IHV : Exactement. J'ai longtemps fait ce qu'on appelle de l'AP estime de soi. Je le retrouve actuellement quand je fais de la remédiation en fluence de lecture : les sixièmes font souvent ces tests de fluence au début de l'année nous avons voulu faire quelque chose de ces résultats. Donc je reprends en petits groupes les élèves qui ont été en quelque sorte repérés en difficulté par les collègues de français - et souvent, il y a un rapport à l'oral aussi derrière qui est problématique - et on retravaille la même chose, c'est à dire le rapport au livre, le rapport à l'oral, le rapport à sa propre voix, savoir revendiquer ce qu'on aime, ce qu'on n’aime pas. Reconstruire une familiarité avec les mots, avec la langue, avec la lecture, s'amuser. Ne pas avoir peur de se tromper, ne pas craindre d'avoir une opinion différente... Ce n'est pas facile, mais on voit des progressions. C'est cela qui est fantastique, mes élèves me surprennent tous les jours ! C'est cela que je cherche à faire : essayer de les accompagner, laisser toujours ouverte la porte pour la curiosité et puis leur expliquer que c'est possible.
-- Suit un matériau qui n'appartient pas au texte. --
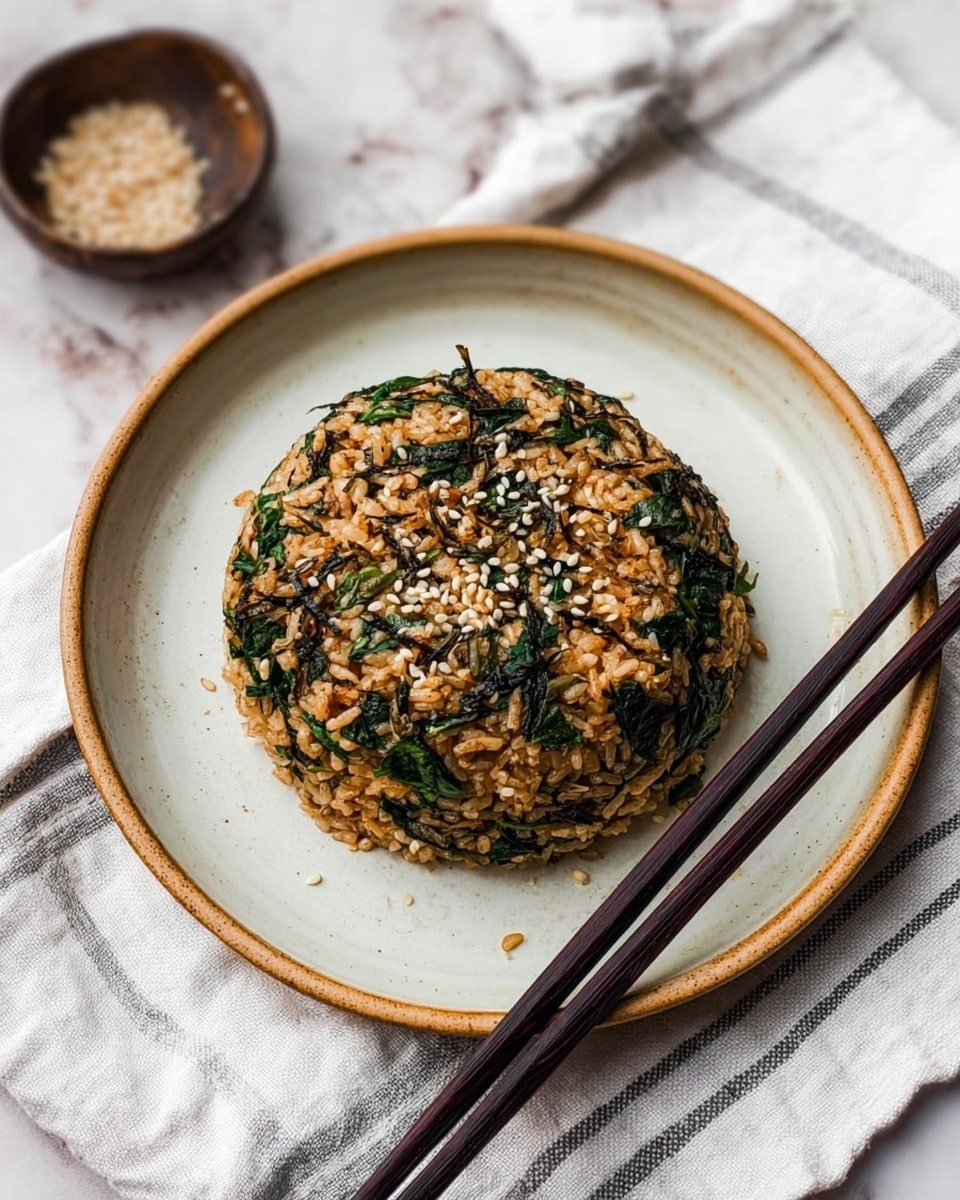 A round mound of fried rice mixed with dark green leafy pieces and small brown bits sits in the center of a white plate with a light brown rim. The rice is sprinkled with white sesame seeds on top. Black chopsticks rest diagonally across the plate’s right side. The plate is placed on a white cloth with thin gray stripes, all set on a white marbled texture surface. Photo taken with an iphone --ar 4:5 --v 7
PJ : Nous allons terminer ce podcast par une question un petit peu plus personnelle, quel est ton livre préféré s'il n'y en avait qu'un ? Et pour quelle raison ?

IHV : Je trouve que c'est très compliqué comme question – mais en fait j'ai de la chance parce qu‘un un collègue me l'a posée il n’y a pas longtemps en formation... J'ai donc dû m'y pencher sérieusement et finalement, je me suis rendu compte que le livre qui me tenait le plus à cœur était celui pour lequel j'avais du mal à accepter que les gens à qui je le recommande ne l'aiment pas. Il s'agit donc du Passeur de Lois Lowry, qui a été publié à l'Ecole des Loisirs en 1993. Il n'est pas récent, et en plus, c'était à l'époque où les couvertures de l’Ecole des Loisirs n’étaient... pas formidables, pas très créatives. Il a été ressorti depuis, il y a même eu une version en film qui a été réalisée. Ce livre, c'est une dystopie, c'est un futur d'une société sans heurt, sans problème, uniforme.... Sans souci mais aussi sans émotion, sans mémoire, sans curiosité. Ce livre, je le recommande aussi bien aux élèves qu’aux adultes, il représente pour moi la littérature jeunesse, c'est ma posture de professeure documentaliste, c'est-ce que les élèves et les adultes ont construit ensemble. Ce livre, c'est un petit peu la métaphore de ma posture pédagogique, c'est le passeur.

PJ : L'idée du passeur ou plutôt de la Passeuse !

IHV : Oui, en tout cas, j'essaye.

PJ : Eh bien vraiment je te remercie pour cet entretien et je te souhaite de continuer à passer les émotions et plus encore à travers les livres, ce que tu feras, j’en suis sûre. Je te remercie également pour ton enthousiasme, merci à toi, merci beaucoup. À très bientôt Isabelle, au revoir.